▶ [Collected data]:
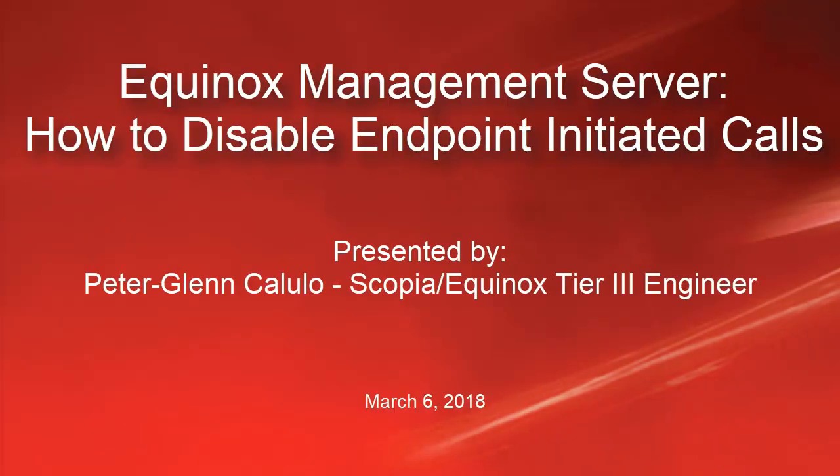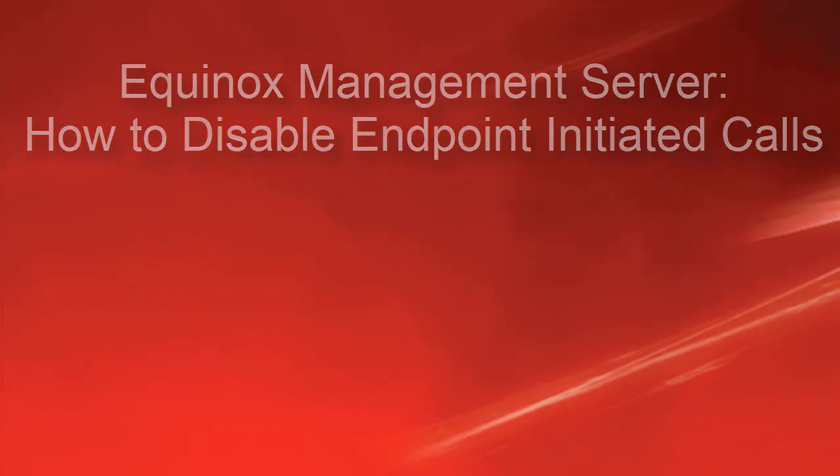My name is Peter Glenn-Colullo, a Tier 3 engineer for the Avaya Skopje and Equinox team. In today's tutorial, we will learn how to disable endpoint-initiated point-to-point and multipoint calls in Avaya Equinox Management Server.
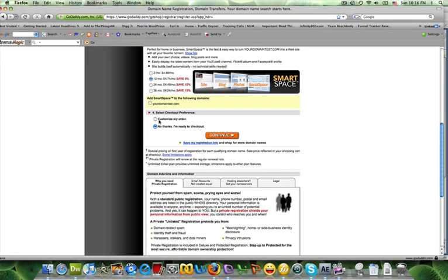You don't need to do that because you are just purchasing a domain name at this point. So make sure you check that no thanks and then go ahead and click continue.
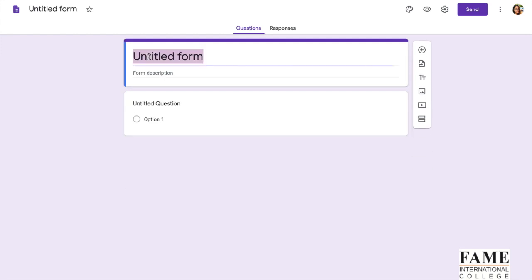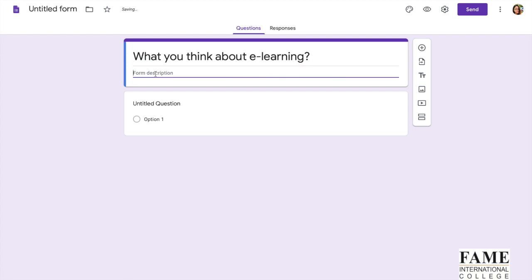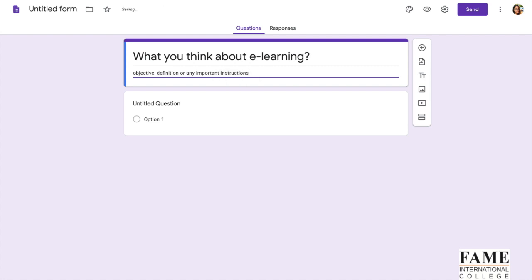First of all, give a title. For example, today I'm going to conduct a survey to know student responses on e-learning. Then you can provide some descriptions like definitions of e-learning and the objective of this survey. You can include any important instructions, like if you want to ask them to answer all the questions or only few of the questions, or maybe you can tell them what they will get at the end.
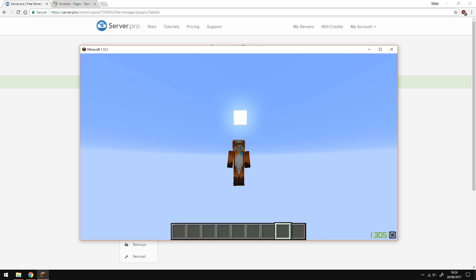Yo, it's Lux from Server Pro and welcome to this tutorial in which I'm going to show you how to install and use the plugin tablist.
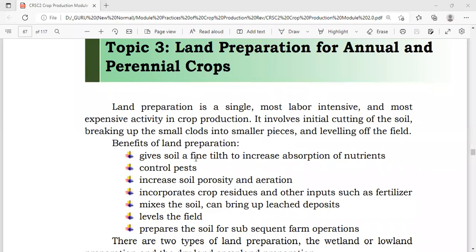Good morning everyone. We are now with our topic 3: land preparation for annual and perennial crops.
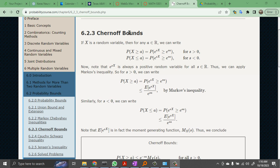The Chernoff bound is really a takeoff on the Markov inequality. Simply, you use the fact that the exponential is a monotonic function of its argument — it's either increasing if the coefficient is positive, or decreasing if the coefficient is negative. So take a look at these two equations: the probability that X is greater than or equal to A is equal to the probability that e to the sX is greater than or equal to e to the sA.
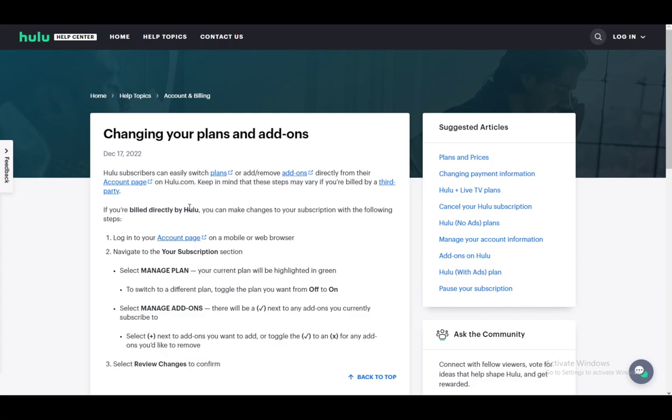To switch to a different plan, just toggle the plan you want from off to on, and that's all you have to do to upgrade to a different plan. The two plans I know of are the original Hulu subscription for $8 a month, and the Hulu No Ads plan, which is $10 more, so $18 a month.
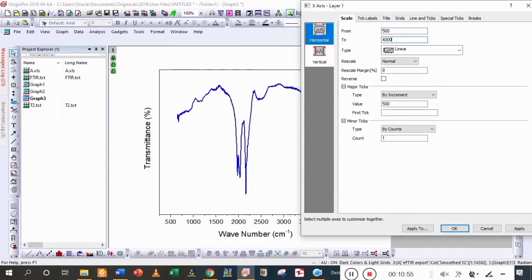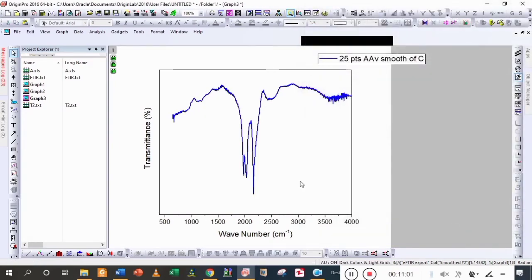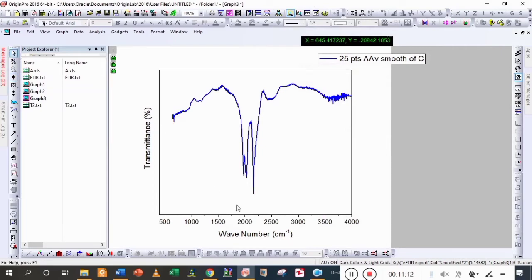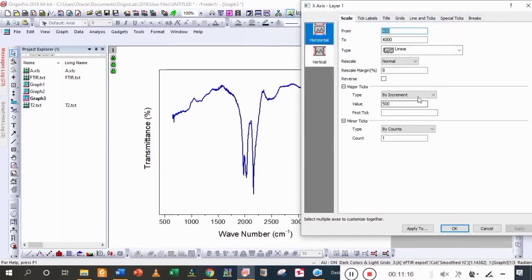Mostly we use the graph from 400 to 4000, but here our data starts from 650, so we are going to change it. You can see that the graph is starting from 645, so we are going to change the scale from 600 to 4000.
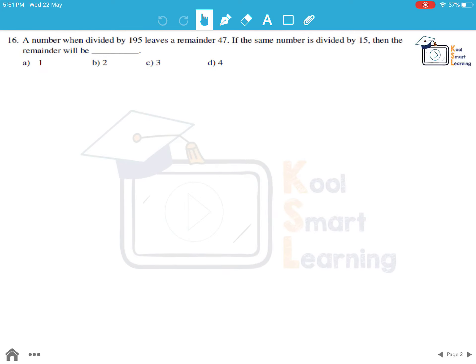Let's look at this question. A number when divided by 195 leaves a remainder of 47. If the same number is divided by 15, then the remainder will be...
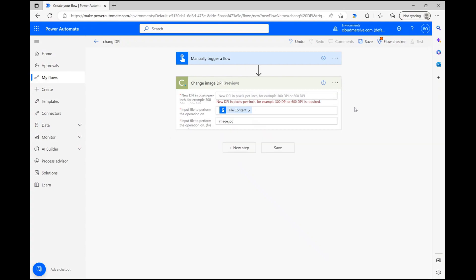Finally, we can turn our attention to the first input, which asks us to specify the new DPI of our image.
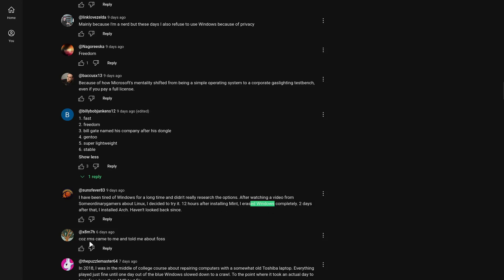Because RMPS came to me and told me about FOSS. Well, we all love open source projects. Not gonna lie. Like, who doesn't? Come on.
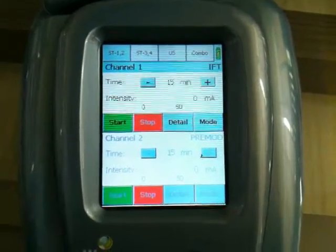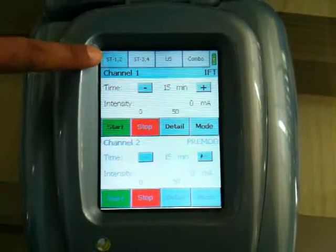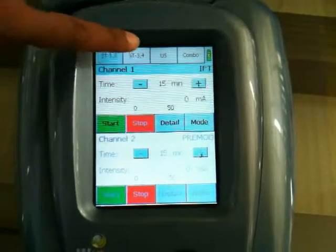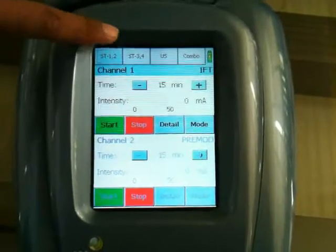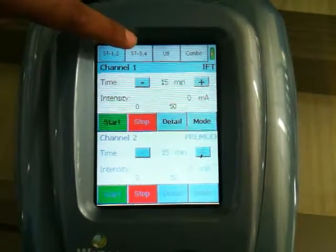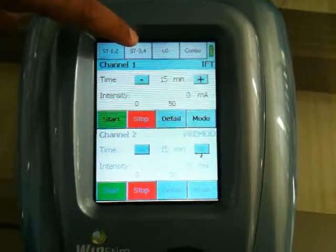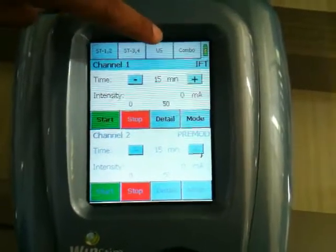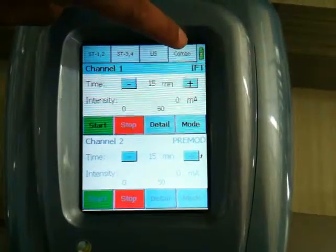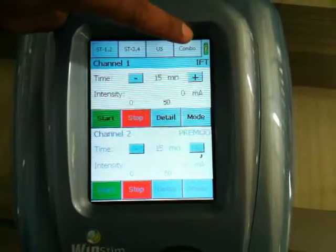After pressing default mode, the screen will appear. ST1 and 2 represent channel 1 and channel 2 for stimulation, and ST3 and 4 represent stimulation for channels 3 and 4. Thereafter, ultrasound and the combination of STIM channel with ultrasound.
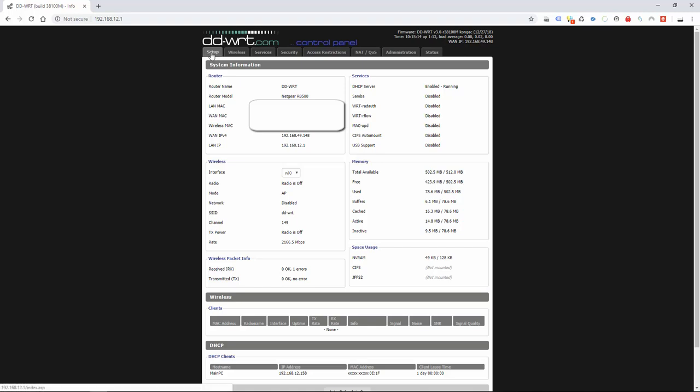First thing to check before you even sign in or do anything is you've got a WAN IP. If that's blank there's your problem. You're not getting an IP from your internet service provider router. So more than likely rebooting your ISP router will resolve the problem.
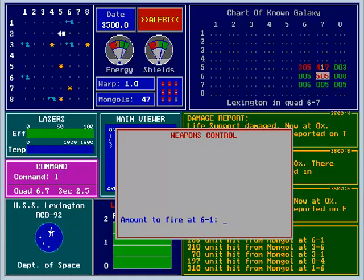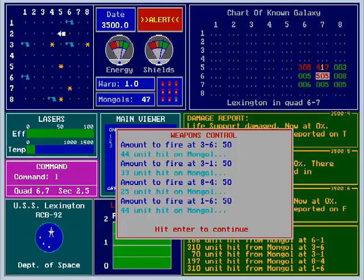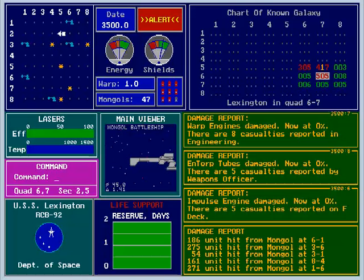I need to fire lasers. As you fire lasers, you can see the temperature goes up and systems get damaged. You can divert energy between shields and your systems. It's actually a pretty sophisticated game for its day and a lot of fun to play. These guys are having a hard time blowing me up.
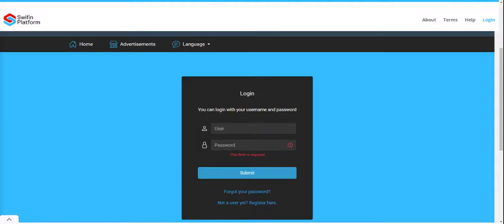Welcome to this short video on how to create or register a Swiffin account. To register a Swiffin account, go to your browser and navigate to the URL platform.swiffin.com.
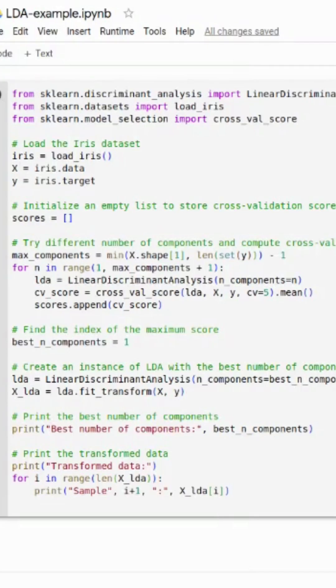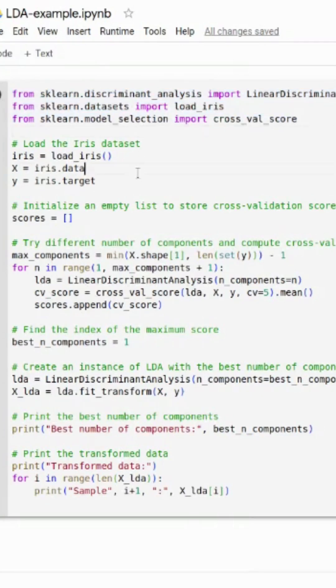Hello guys, this is Ranshu and in this video we will talk about an example of LDA. First, we just import our necessary libraries and after that we import our dataset.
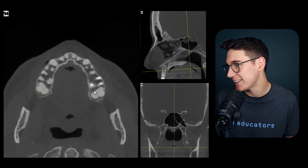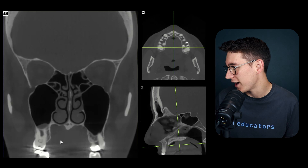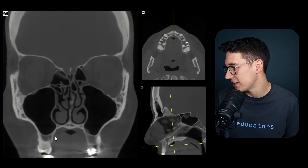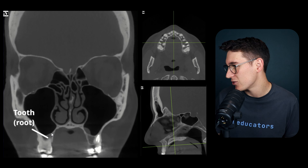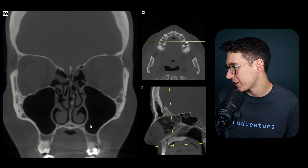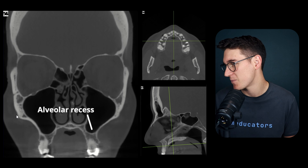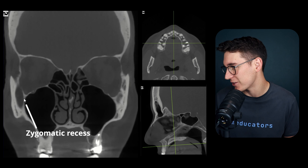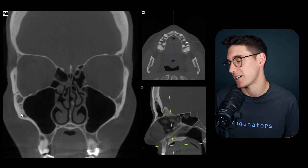On our coronal scan we can see why these are called processes - the maxilla extends down like this. Notice how the roots of the teeth come into very close contact with the maxillary sinus. The maxillary sinus also has an alveolar recess extending downward, and zygomatic recesses extending out towards the zygoma.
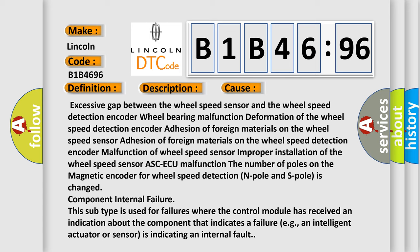Component internal failure. This subtype is used for failures where the control module has received an indication about the component that indicates a failure, e.g., an intelligent actuator or sensor is indicating an internal fault.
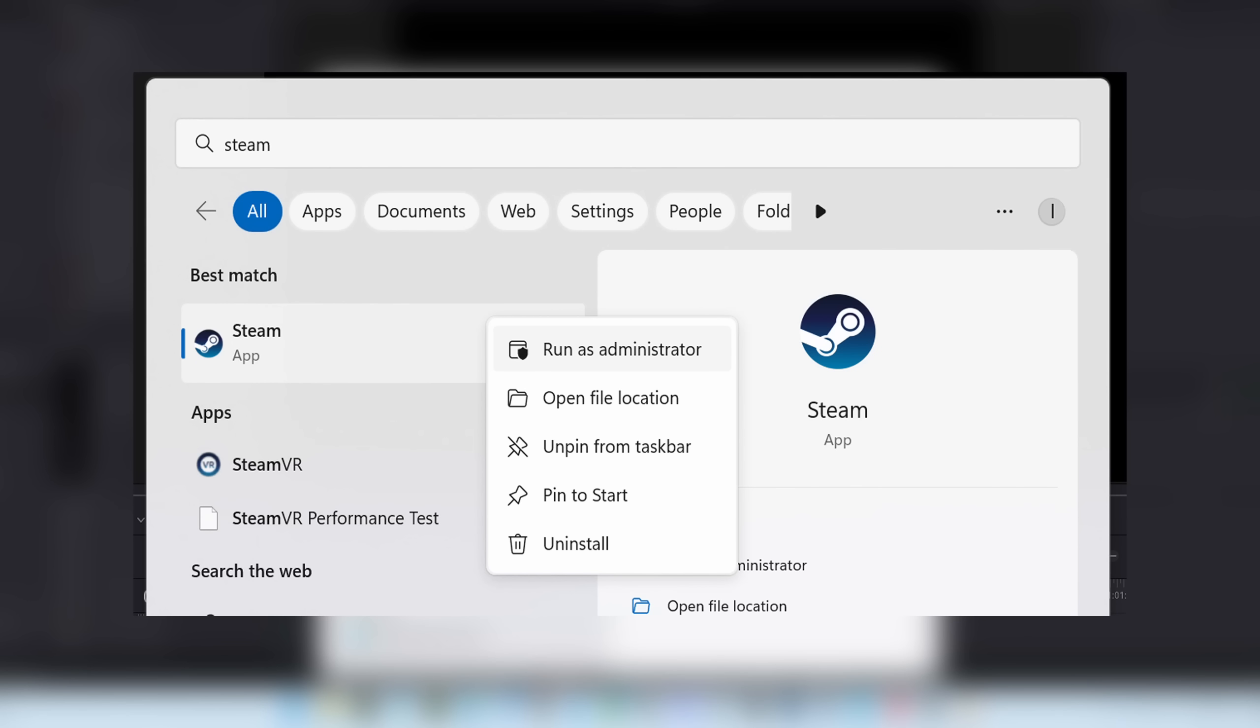Now, what works for me in the latest situation was actually running Steam as administrator. You can just search for Steam in the start area, or maybe you just have it in the taskbar. You can right-click and try to run as administrator.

▶ [TASK INSTRUCTIONS]: In the data above, find the line containing "To switch to" and the line containing "Mostly we use". Copy exactly the stretch from the first through the second, both included, leaving out any picture.

▶ [YOUR SOLUTION]:
To switch to a different plan, just toggle the plan you want from off to on, and that's all you have to do to upgrade to a different plan. The two plans I know of are the original Hulu subscription for $8 a month, and the Hulu No Ads plan, which is $10 more, so $18 a month.
Mostly we use the graph from 400 to 4000, but here our data starts from 650, so we are going to change it. You can see that the graph is starting from 645, so we are going to change the scale from 600 to 4000.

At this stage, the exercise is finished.